1 cup unsalted butter or unsalted margarine*
8 ounces semisweet chocolate chips, or bars, cut into bite-size chunks
5 large eggs
1/2 cup sugar
Pinch of salt
4 teaspoons flour
8 extra-large paper muffin cups (or use regular paper muffin cups, which will make 12 cakes)
1 (6 ounce) container raspberries
1/2 cup powdered sugar
1/2 toffee crunch
1. Melt butter and chocolate in a medium heat-proof bowl over a saucepan of simmering water; remove from heat.
2. Beat eggs, sugar and salt with a hand mixer in a medium bowl until sugar dissolves. Beat egg mixture into chocolate until smooth. Beat in flour until just combined. (Batter can be made a day ahead; return to room temperature an hour or so before baking.)
3. Before serving dinner, adjust oven rack to middle position; heat oven to 450 degrees.

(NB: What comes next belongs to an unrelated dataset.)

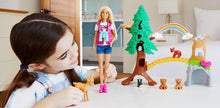 Load image into Gallery viewer, Barbie Wilderness Guide Interactive Playset with Blonde Doll (12-in), Outdoor Tree, Bridge, Overhead Rainbow, 10 Animals &amp; More, Great Gift for Ages 3 Years Old &amp; Up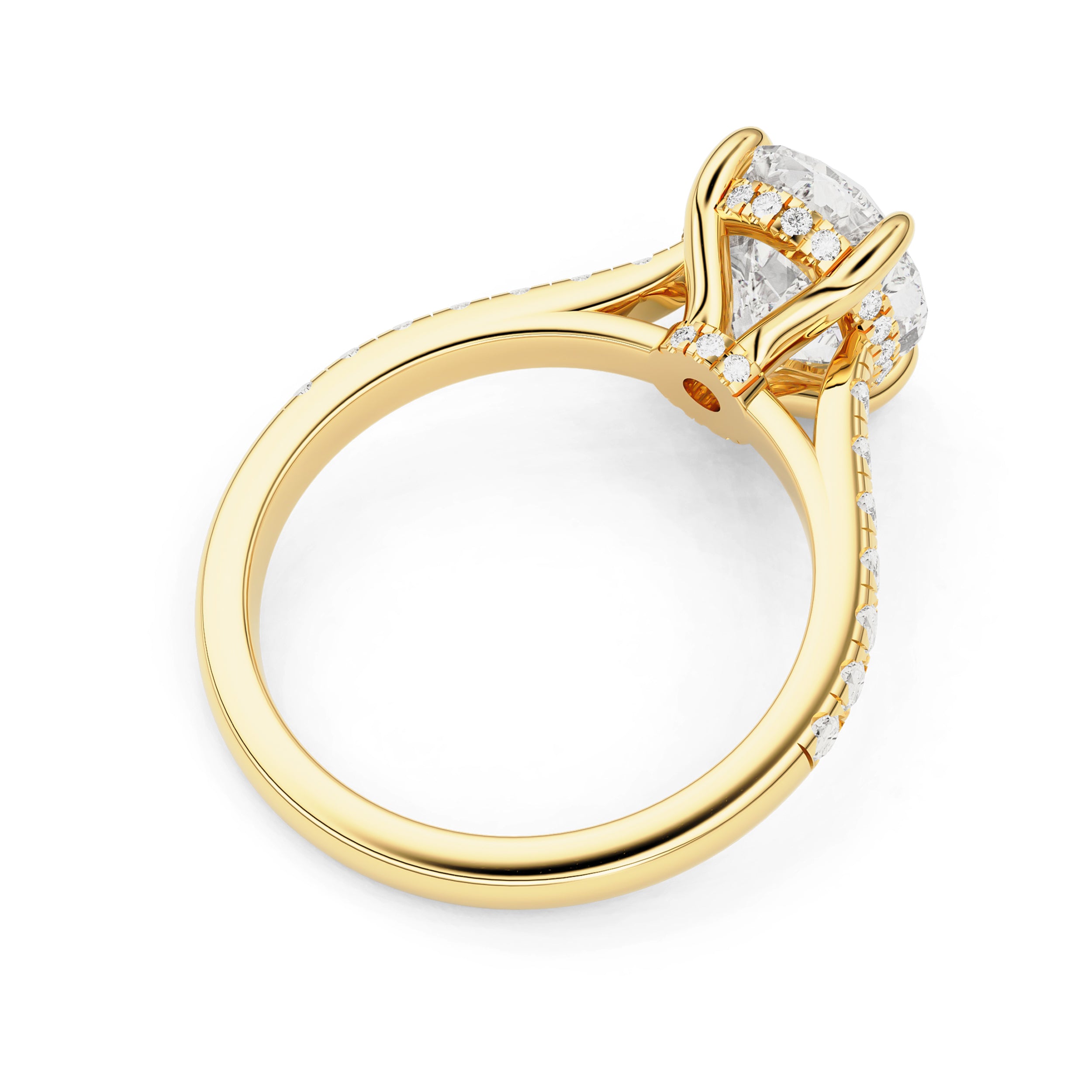 Lily Oval Double Hidden Halo Cathedral Engagement Ring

4. Line a standard-size muffin tin (1/2 cup capacity) with 8 extra-large muffin papers. Spray muffin papers with vegetable cooking spray. Divide batter among muffin cups.
5. Bake until batter puffs but center is not set, 8 to 10 minutes. Carefully lift cakes from tin and set upside down on dessert plate. Slowly pull papers away from cakes.
6. Top each with powdered sugar, raspberry or any garnish you wish and serve immediately.